LA PAROLA

Dandy

La parola di oggi, dandy, è tratta  dal sito unaparolaalgiorno.it, encomiabile progetto nato nel 2010 dall’idea di due giovani poco più che ventenni – Massimo, dottore in psicologia, web designer, sviluppatore software e appassionato di fotografia, e Giorgio, 28 anni, dottore in giurisprudenza e scrittore – con l’intento di riscoprire parole belle e poco conosciute, che usiamo nel quotidiano ma di cui ignoriamo il potenziale originale. Parole, insomma, che ci permettano di arricchire di sfumature la tavolozza di colori che abbiamo a disposizione per comunicare. «Dalla qualità dei pensieri che facciamo – scrivono nel loro blog – dipende la qualità della nostra vita». TESSERE li apprezza molto.

UNAPAROLAALGIORNO.IT

Se si pensa al dandy si pensa ad Oscar Wilde, ma il dandy si è messo per via quando la strada non era nemmeno in vista del decadentismo, del successo di Wilde; figuriamoci, questa parola è attestata in inglese ai tempi della Rivoluzione americana, e il suo successo internazionale è coevo al Congresso di Vienna – uno sviluppo dal 1780 al 1815, grossomodo. Ne doveva passare di acqua sotto ai ponti, prima che si arrivasse al tramonto dell’Ottocento.

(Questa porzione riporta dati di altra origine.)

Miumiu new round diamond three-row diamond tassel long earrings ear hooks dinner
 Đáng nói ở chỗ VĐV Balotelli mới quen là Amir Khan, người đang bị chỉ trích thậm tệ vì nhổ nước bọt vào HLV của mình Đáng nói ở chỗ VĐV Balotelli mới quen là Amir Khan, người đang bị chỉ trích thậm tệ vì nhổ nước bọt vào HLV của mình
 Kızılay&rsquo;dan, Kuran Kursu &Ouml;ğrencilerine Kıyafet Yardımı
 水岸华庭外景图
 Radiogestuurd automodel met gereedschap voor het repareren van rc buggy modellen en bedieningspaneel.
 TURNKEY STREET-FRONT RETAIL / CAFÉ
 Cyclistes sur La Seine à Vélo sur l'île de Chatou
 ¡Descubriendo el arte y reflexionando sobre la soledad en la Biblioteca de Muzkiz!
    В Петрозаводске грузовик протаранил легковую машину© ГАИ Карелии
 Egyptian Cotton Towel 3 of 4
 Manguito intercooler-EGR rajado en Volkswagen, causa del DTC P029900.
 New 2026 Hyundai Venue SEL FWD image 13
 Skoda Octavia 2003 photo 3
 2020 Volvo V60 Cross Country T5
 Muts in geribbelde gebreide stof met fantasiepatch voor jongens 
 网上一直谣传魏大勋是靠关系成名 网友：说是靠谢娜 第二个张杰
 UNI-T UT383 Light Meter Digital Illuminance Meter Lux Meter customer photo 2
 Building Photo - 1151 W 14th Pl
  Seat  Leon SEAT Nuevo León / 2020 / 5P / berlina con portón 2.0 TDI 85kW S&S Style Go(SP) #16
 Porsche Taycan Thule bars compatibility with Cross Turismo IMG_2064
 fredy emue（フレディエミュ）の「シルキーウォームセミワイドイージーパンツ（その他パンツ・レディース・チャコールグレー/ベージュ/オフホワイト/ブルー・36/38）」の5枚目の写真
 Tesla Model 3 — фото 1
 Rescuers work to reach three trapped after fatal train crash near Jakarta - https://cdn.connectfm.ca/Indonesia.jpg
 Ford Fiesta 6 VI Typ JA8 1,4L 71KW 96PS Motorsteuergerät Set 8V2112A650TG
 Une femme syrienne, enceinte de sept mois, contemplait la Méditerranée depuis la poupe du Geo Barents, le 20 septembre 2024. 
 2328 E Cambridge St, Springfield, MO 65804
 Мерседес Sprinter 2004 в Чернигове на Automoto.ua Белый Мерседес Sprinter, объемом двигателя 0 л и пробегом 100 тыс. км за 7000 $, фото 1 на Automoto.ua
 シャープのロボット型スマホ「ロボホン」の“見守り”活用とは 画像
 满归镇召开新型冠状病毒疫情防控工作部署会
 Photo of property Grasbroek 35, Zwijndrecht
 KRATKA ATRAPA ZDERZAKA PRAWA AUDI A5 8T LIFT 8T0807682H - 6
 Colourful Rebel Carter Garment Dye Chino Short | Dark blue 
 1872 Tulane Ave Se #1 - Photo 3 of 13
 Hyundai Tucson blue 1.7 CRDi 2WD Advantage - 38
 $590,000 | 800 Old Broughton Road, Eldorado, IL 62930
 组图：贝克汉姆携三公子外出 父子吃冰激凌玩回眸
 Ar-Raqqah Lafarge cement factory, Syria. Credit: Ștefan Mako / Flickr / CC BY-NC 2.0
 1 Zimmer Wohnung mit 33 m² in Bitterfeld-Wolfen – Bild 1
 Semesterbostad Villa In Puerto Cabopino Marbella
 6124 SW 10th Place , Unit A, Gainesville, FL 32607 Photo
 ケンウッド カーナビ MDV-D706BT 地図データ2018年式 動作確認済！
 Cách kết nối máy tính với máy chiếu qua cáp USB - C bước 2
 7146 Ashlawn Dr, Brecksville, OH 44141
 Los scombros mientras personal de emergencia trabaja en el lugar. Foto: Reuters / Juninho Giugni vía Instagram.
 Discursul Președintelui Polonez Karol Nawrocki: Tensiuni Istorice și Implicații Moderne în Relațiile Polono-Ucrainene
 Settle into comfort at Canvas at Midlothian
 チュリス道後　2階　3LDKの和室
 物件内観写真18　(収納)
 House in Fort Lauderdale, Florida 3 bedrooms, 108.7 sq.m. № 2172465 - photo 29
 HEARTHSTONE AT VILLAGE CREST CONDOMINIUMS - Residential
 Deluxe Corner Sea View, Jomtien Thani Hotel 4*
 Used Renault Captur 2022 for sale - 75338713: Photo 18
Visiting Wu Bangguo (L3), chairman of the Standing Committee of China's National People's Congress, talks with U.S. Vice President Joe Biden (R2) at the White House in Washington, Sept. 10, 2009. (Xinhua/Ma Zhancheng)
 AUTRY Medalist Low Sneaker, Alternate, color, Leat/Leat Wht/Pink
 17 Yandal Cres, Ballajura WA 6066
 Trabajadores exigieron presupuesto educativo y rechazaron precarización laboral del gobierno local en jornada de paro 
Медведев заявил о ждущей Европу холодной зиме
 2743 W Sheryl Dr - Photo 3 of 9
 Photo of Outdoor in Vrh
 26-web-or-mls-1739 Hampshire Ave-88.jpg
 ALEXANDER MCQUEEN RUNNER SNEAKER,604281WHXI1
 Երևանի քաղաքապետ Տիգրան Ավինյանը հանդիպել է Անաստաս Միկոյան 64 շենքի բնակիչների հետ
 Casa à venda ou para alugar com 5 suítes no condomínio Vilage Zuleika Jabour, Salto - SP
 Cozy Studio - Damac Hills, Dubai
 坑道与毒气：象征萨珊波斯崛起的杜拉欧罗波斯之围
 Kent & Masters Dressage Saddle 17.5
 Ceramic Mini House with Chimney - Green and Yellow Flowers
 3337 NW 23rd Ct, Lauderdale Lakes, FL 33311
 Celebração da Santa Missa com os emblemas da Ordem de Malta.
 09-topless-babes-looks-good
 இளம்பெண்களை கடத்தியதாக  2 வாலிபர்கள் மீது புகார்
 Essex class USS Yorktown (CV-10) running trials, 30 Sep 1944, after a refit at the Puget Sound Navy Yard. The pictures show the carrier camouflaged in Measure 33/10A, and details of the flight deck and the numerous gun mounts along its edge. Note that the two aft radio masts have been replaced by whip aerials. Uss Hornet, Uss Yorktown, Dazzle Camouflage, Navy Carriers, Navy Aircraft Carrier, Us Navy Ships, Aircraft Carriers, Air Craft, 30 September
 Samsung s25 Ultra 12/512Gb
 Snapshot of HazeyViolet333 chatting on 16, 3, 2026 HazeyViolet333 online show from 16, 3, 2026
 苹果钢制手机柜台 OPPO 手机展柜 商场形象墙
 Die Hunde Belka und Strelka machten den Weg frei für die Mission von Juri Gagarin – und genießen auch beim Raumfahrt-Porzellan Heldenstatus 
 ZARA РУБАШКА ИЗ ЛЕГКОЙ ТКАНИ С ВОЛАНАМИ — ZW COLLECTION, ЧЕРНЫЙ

Piuttosto il dandismo si trova spesso aggiogato – quasi ne fosse il fondatore – alla personalità carismatica e arguta, dai modi ricercati e dallo squisito gusto nel vestire di George Bryan Brummell. Non si può negare il suo contributo nel superamento dello stile settecentesco, e quando immaginiamo uma mise maschile ottocentesca con tutta probabilità è la sua; ma non si può mettere sulle sue spalle il carico intero di un movimento culturale iniziato prima di lui e durato più di un secolo: la compiaciuta eccentricità del dandy, tutta rivolta alla ricerca del motto acuto, del portamento di finezza sontuosa, dell’abito un passo avanti alla moda senza gli eccessi sgangherati del secolo precedente ma con stravaganze tutte nuove e più composte, è una delle innumerevoli varietà di critica alla borghesia, al suo poco studiato conformismo, con un genere nuovo di affermazione dell’individualità, con un intento di distacco dal grossolano e dall’insipido compiuto coi mezzi più taglienti dell’ironia e dell’ingegno. Wilde col suo esempio sovrano guida in porto questa tendenza, che col suo successo diventa una categoria del pensiero destinata a durare – la maneggiamo ancora oggi.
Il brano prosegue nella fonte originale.